The woods up here, the Arapaho National Forest for the most part, are lovely dark and deep and beautiful because of that, but having this small bit of human intervention tickles me.
It’s a part of a larger picture that’s coming to me. When I mentioned shamanic seeing in the post about the mountain spirits, it made me aware that I need to a third R to my gerundal theology: reimagining and reconstructing AND re-enchanting. This last of the three R’s of an emerging approach to faith may be the most important of all. The first two involve rational heavy lifting, taking something apart and putting it back together in a way meaningful today. Important and critical, yes. But, I’m realizing, not enough.
More than the intellectual work we need the emotional work, a return to shamanic seeing, a return to a view of the world as a magical, mystical place. Which it always has been and continues to be. The empirical method, the scientific method has, like religious dogma, occluded our ability to see wonder. One woman said, during the mussar class in which we discussed the three messengers (angels) from the mountain spirit, said, “How would the mountain know when to send out the messengers?” Beep. Wrong question.

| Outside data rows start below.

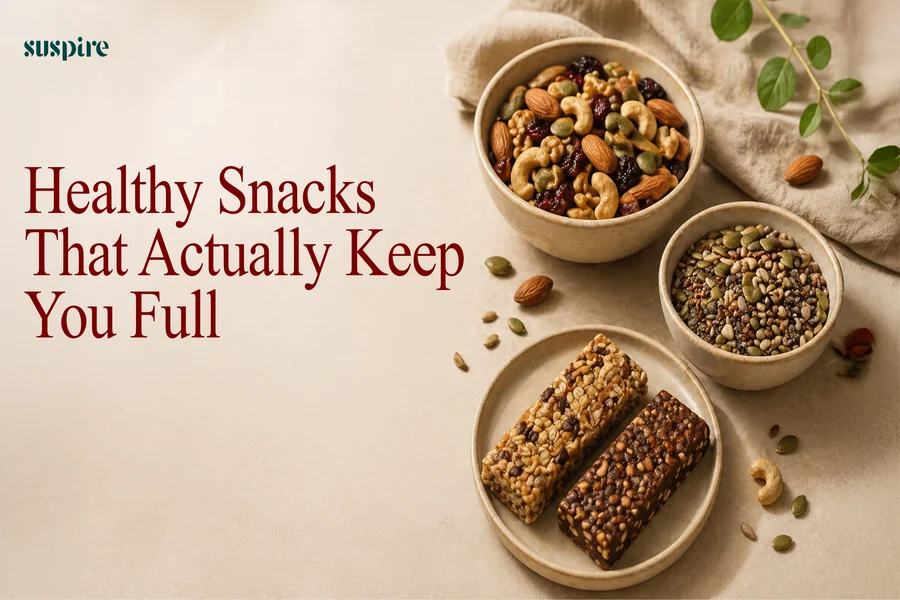Healthy Snacking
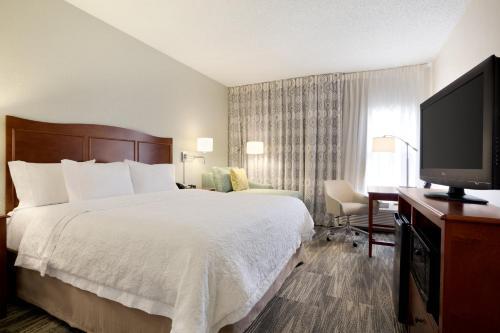 Hotel Hampton Inn Ft. Worth-southwest-i-20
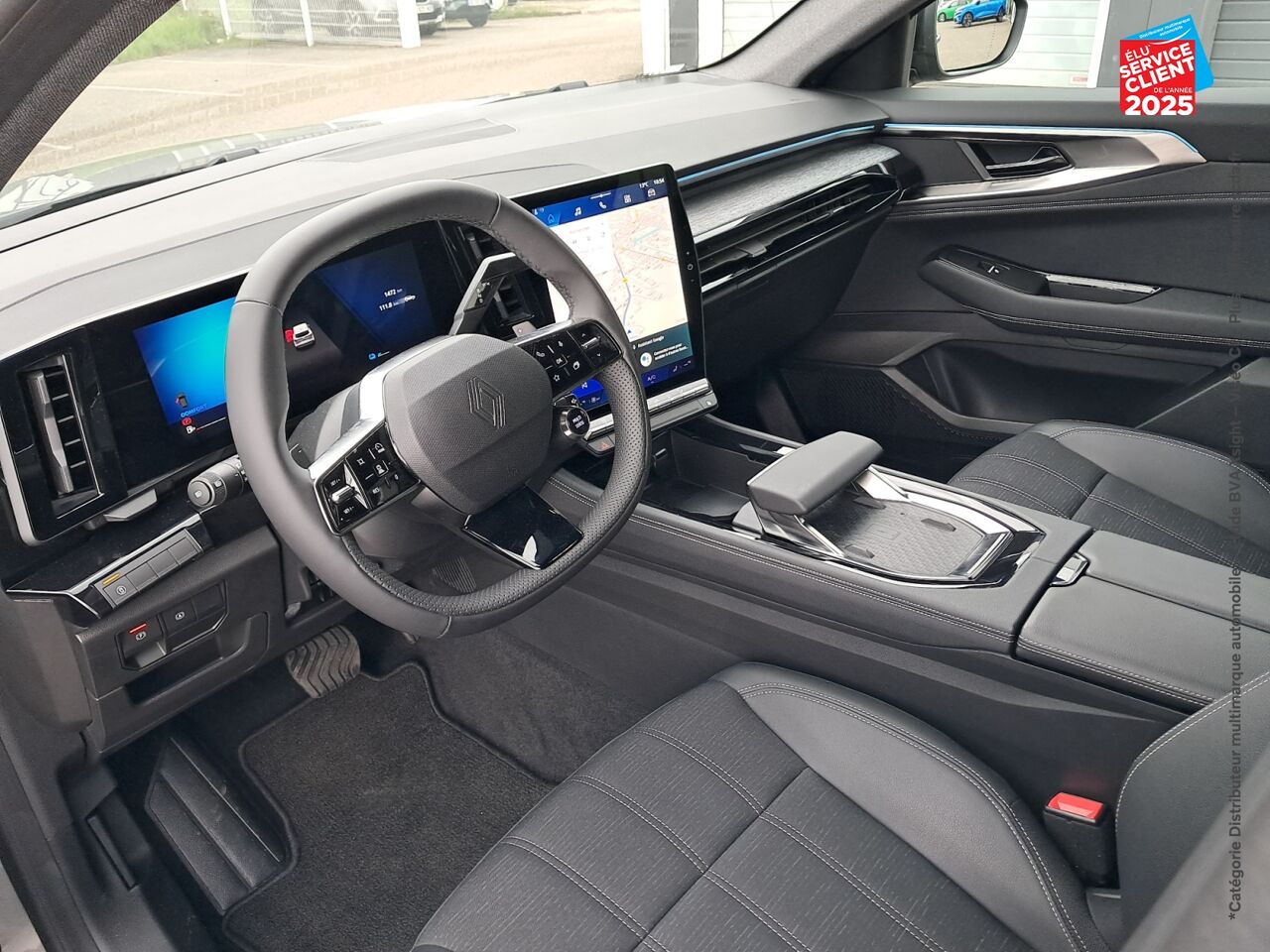 Véhicule d'occasion RENAULT AUSTRAL 1.2 E-TECH FULL HYBRID 200CH TECHNO - 24 chez Renault Colmar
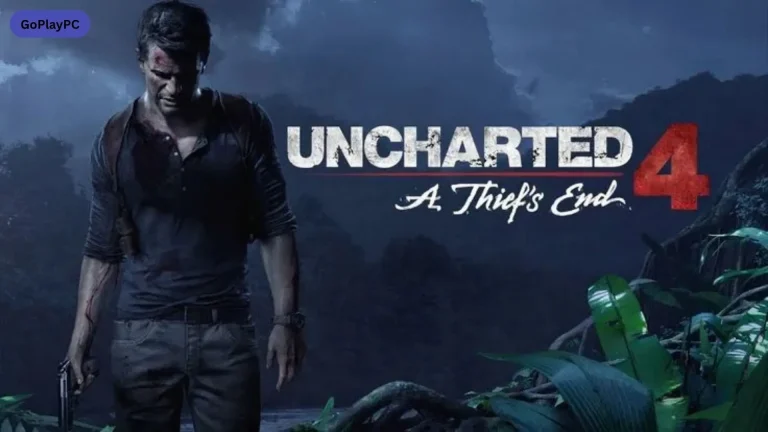 Uncharted 4 PC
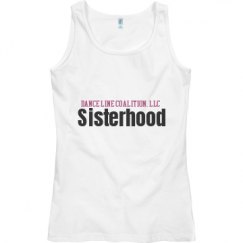 Ladies Semi-Fitted Basic Promo Tank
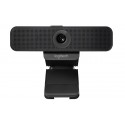Webcam LOGITECH 960-001075 con Micrófono C925e USB 2.0 Negro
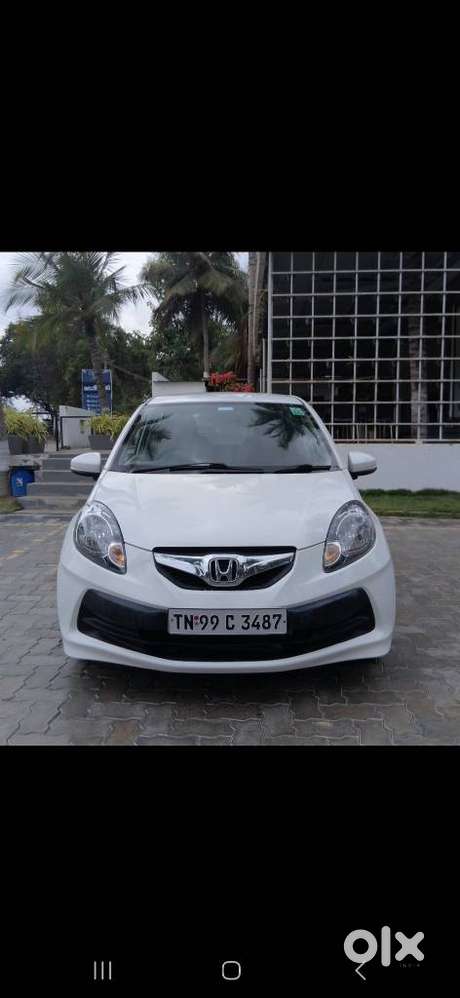 Honda Brio S MT, 2015, Petrol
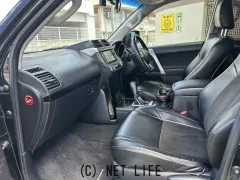 トヨタ ランドクルーザープラド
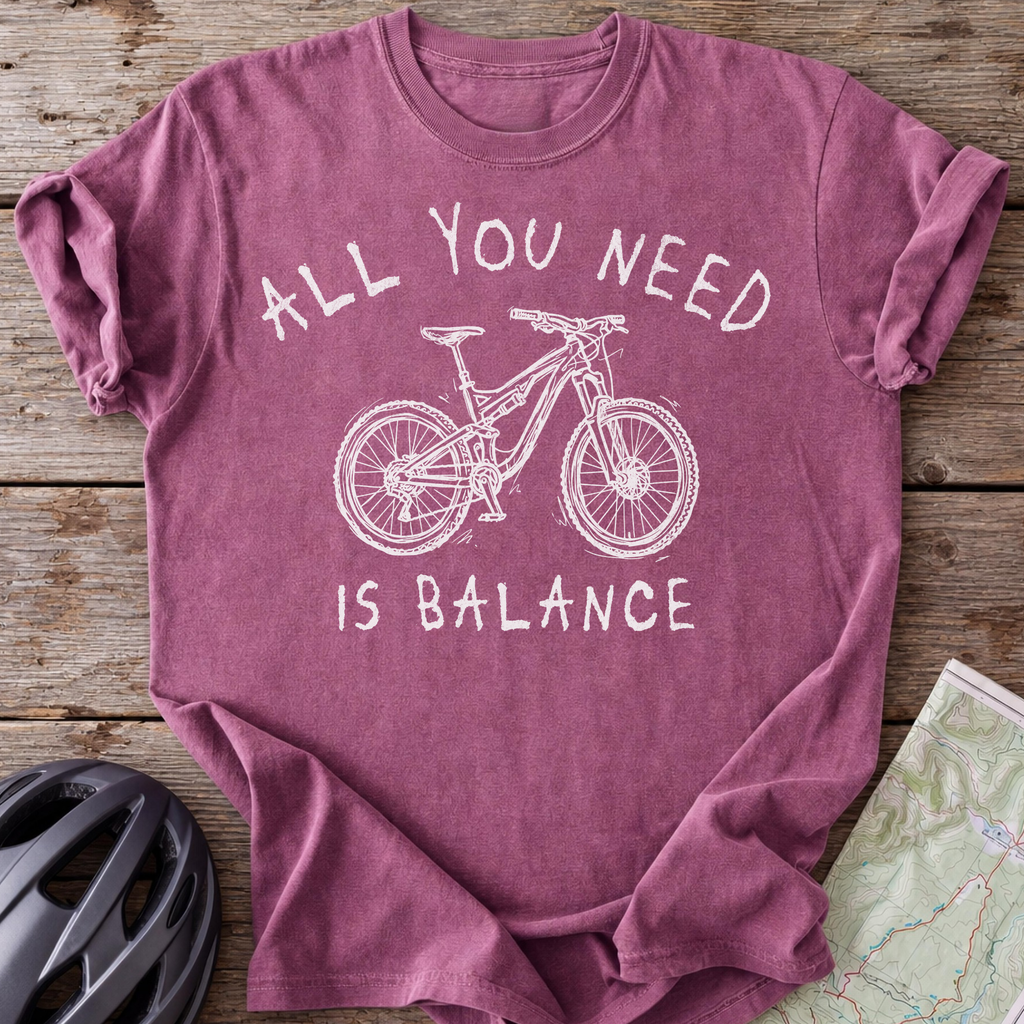 Need Balance T-shirt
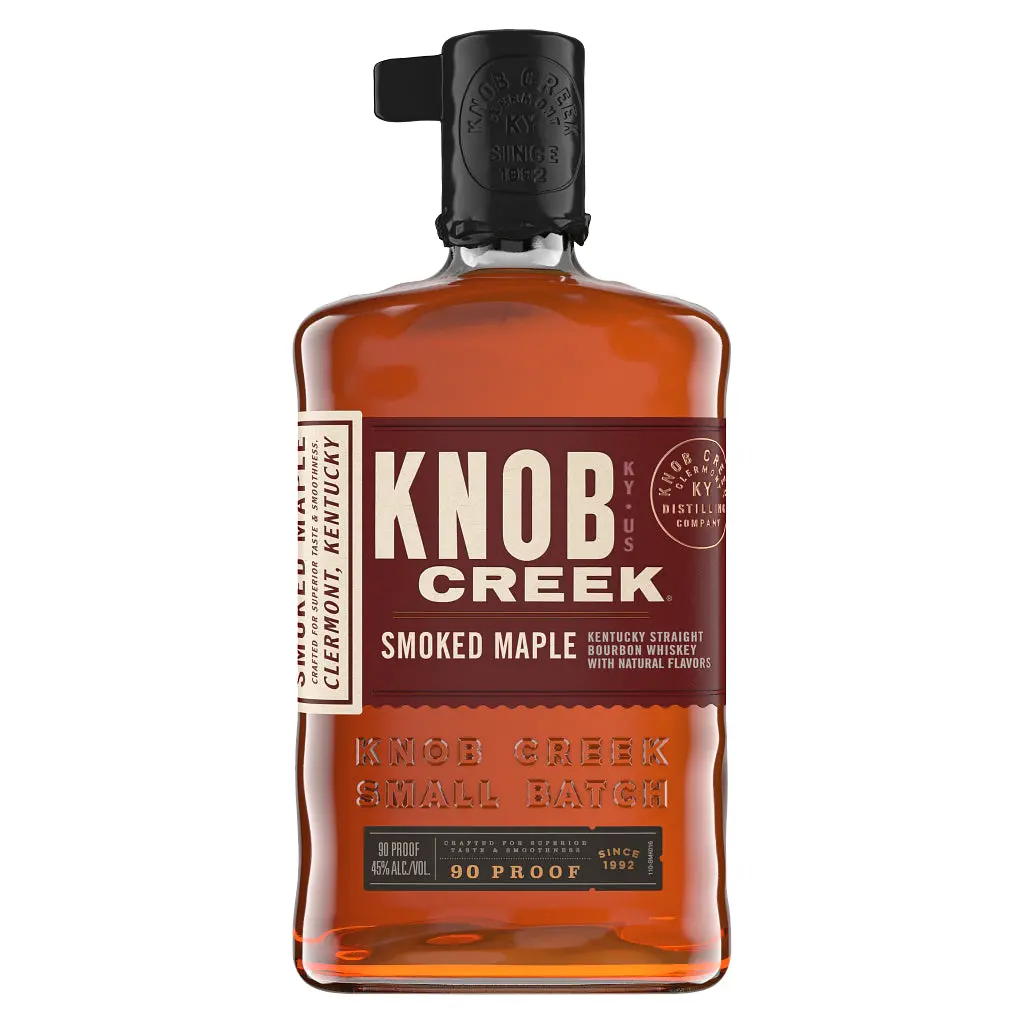 Knob Creek Smoked Maple 750Ml 1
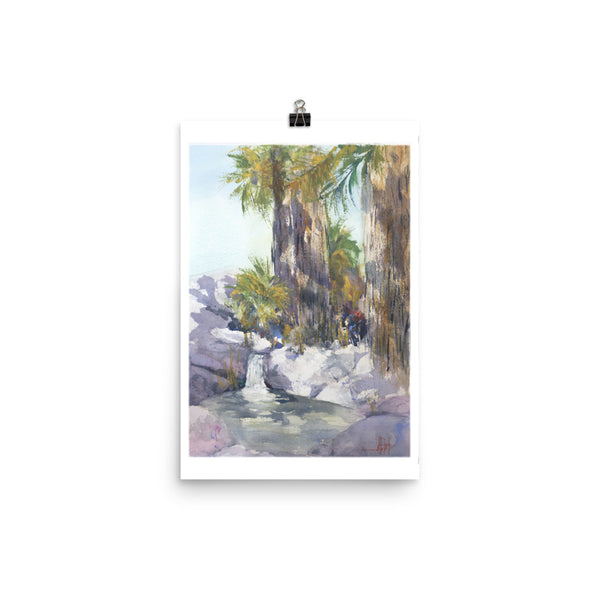 Oasis Bonita *Fine Art Prints!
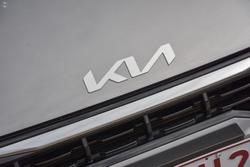 2025 Kia K4 GT-Line CL4m MY25 Steel Grey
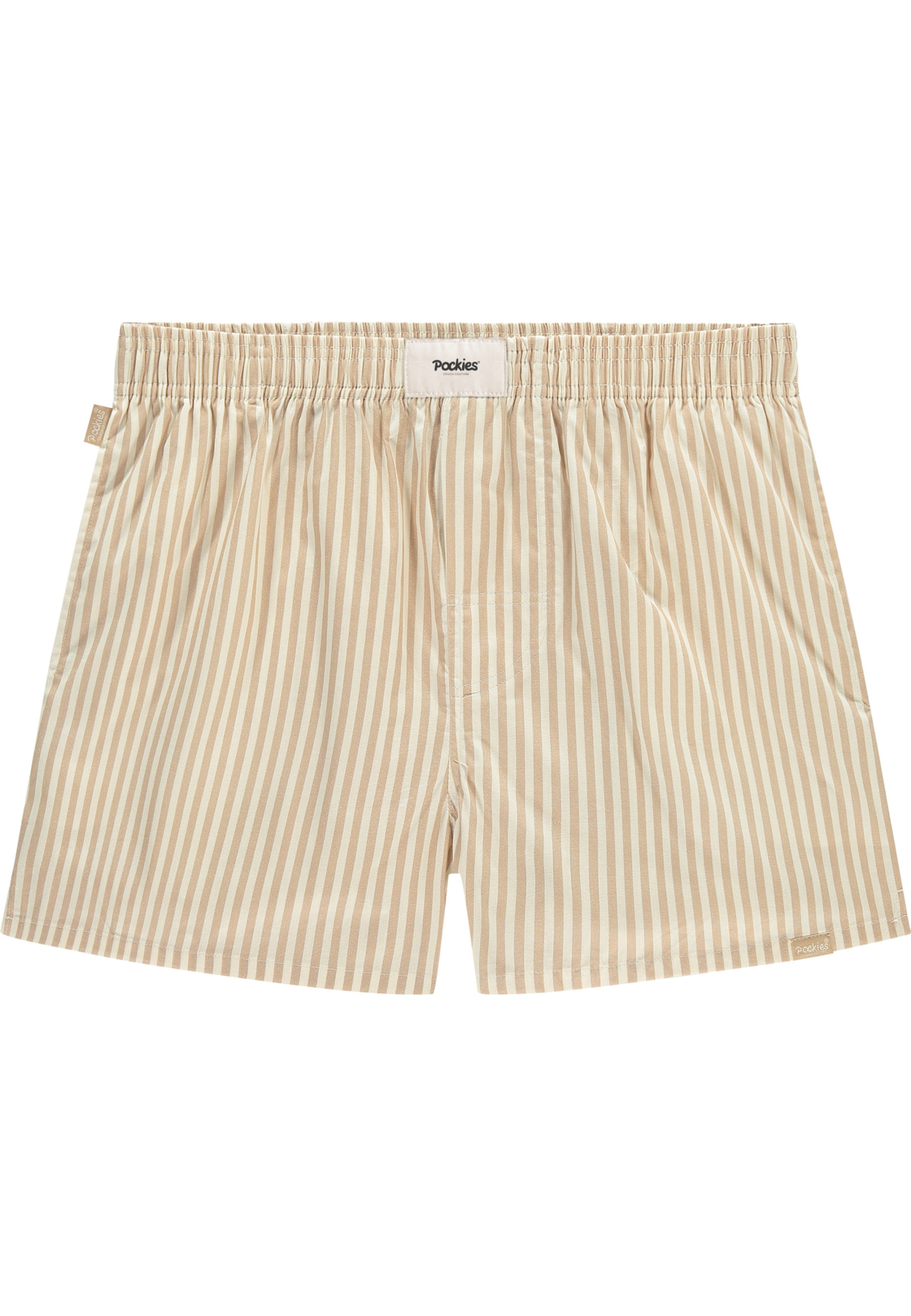 regular Pantaloni di Pockies in beige: frontale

The right question? How can we open our hearts to the intimate communication we get from the natural world everyday? Including those emanating from within our own bodies. It’s our perception that needs to change, not the world. It’s still sending messengers and messages, but we’ve systematically tricked ourselves into thinking we now know too much to attend to them. We don’t.
What does that lenticular cloud hanging over Black Mountain have to say? How about the wind howling down off Mt. Evans? The snow storm about to hit us? The fox or the mountain lion or the bear crossing our yard? The gradual decline of our muscle mass, our mental mass, as we age? Where are our faeries? Why won’t the wood nymphs of the lodgepole pines speak to me? The sun and its perpetual light. That rock fallen on to the road. What do they mean? Not what are they? Not why are they there? But what love note from the big bang do they contain? How would the ancient Greek or the Hebrew on Sinai or the folk who walked up out of Africa relate to them?
No, we don’t have to give up the scientific. No, we don’t have to abjure missing the rock with our car or truck. We only have to ask about our relationship with all these. What is it? How does it convey meaning to me? I like the notion of spirits and gods, goddesses, too. I’m still looking for the Great God Pan. Maybe you’ve seen him?